I, however, was supposedly given priority access to the vaccine as I am a Community Assistant (CA), yet I still have not even received mine, whereas many in Community Living are fully vaccinated already. My vaccine is not scheduled until the last day of April and I think it is extremely unfair that other random students can get it before me when I am in contact with a copious amount of people daily. I do not want to overgeneralize, but I know people who get it will just go back to partying while I am risking my health and safety everyday trying to maintain the health and safety of the community. This is probably selfish of me to complain about, but I really needed to get that off my chest. The people who are told that they are priority should have priority, then in-state students, then out-of-state students. In my head, that is what makes the most sense.

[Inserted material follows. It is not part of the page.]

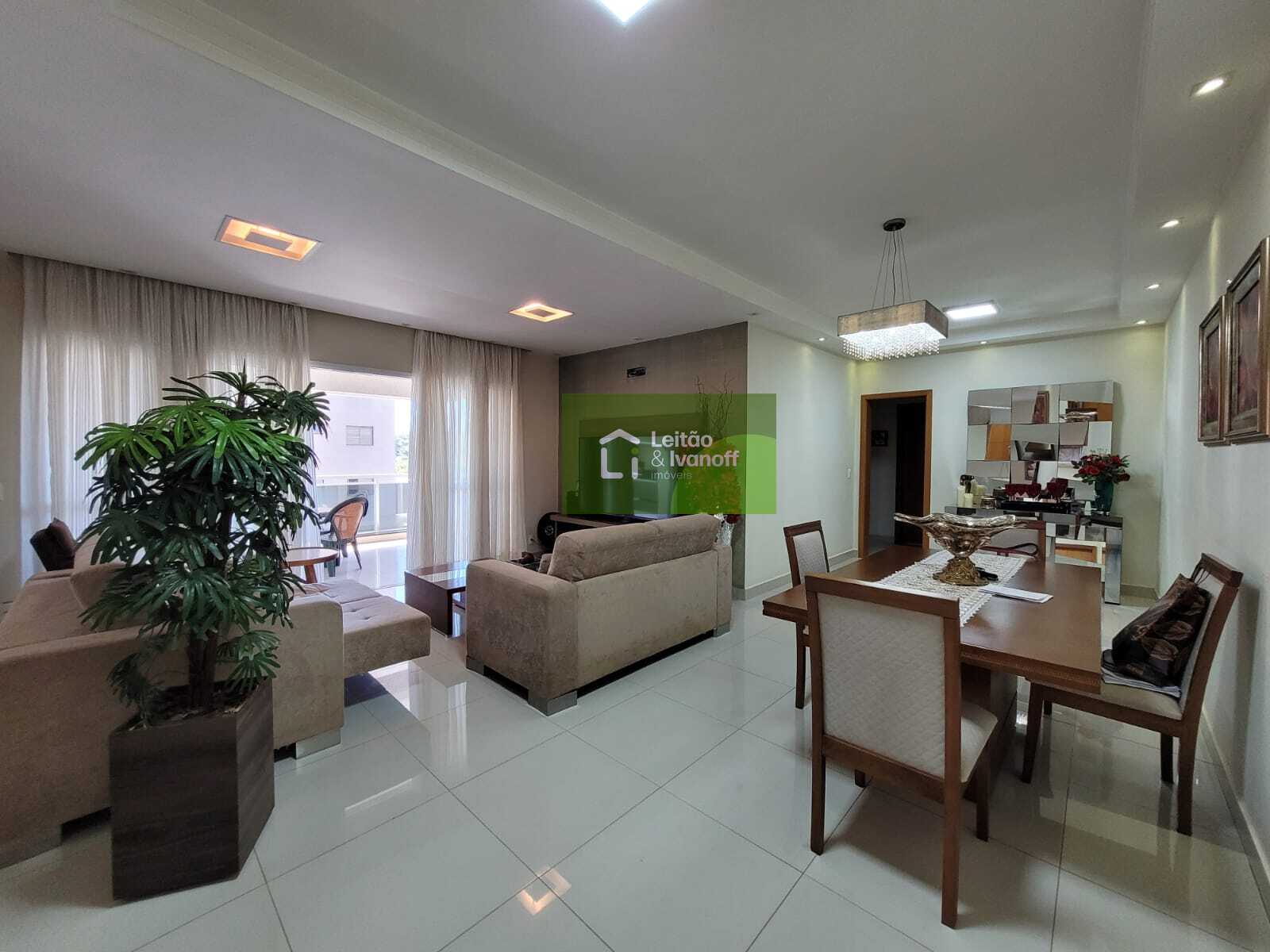 Imagem Apartamento com 4 Quartos à Venda, 144 m²em Jardim Botânico - Ribeirão Preto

However, I do think it is wrong to completely disregard the amount of students from outside of NH. I think that once a majority of those on campus can get the vaccine the student experience can begin again. All of the things we have missed out on can come back, at least a little bit. To completely disregard a large portion of NH’s population is just flat out rude and I think that completely denying them is not the way to do this. Many students who chose to get the vaccine are going to need to get the vaccine somewhere, I do not think state lines should have that big of an impact on the amount of vaccine distributed and the amount that is administered.